## [WORK TASK]
Within the entries below, the lines from the one with "2015-2023年11月重庆市房地产各类型房屋施工情况" through the one with "In the burgeoning" are to be set down exactly, both ends kept.

## [MATERIALS PROVIDED]
□ □ □ □

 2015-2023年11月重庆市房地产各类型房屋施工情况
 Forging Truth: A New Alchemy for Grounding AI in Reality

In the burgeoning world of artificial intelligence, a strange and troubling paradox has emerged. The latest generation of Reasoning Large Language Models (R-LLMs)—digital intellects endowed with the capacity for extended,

□ □ □ □

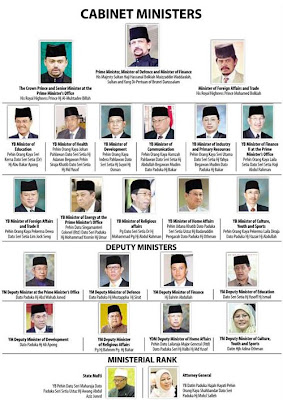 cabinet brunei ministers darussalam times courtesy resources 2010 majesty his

□ □ □ □

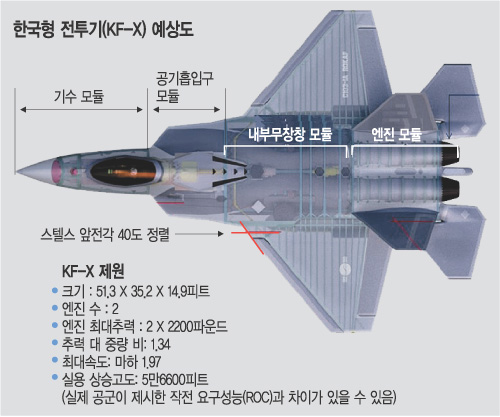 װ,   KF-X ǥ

□ □ □ □

## [RESULT OF THIS TASK]
 2015-2023年11月重庆市房地产各类型房屋施工情况
 Forging Truth: A New Alchemy for Grounding AI in Reality

In the burgeoning world of artificial intelligence, a strange and troubling paradox has emerged. The latest generation of Reasoning Large Language Models (R-LLMs)—digital intellects endowed with the capacity for extended,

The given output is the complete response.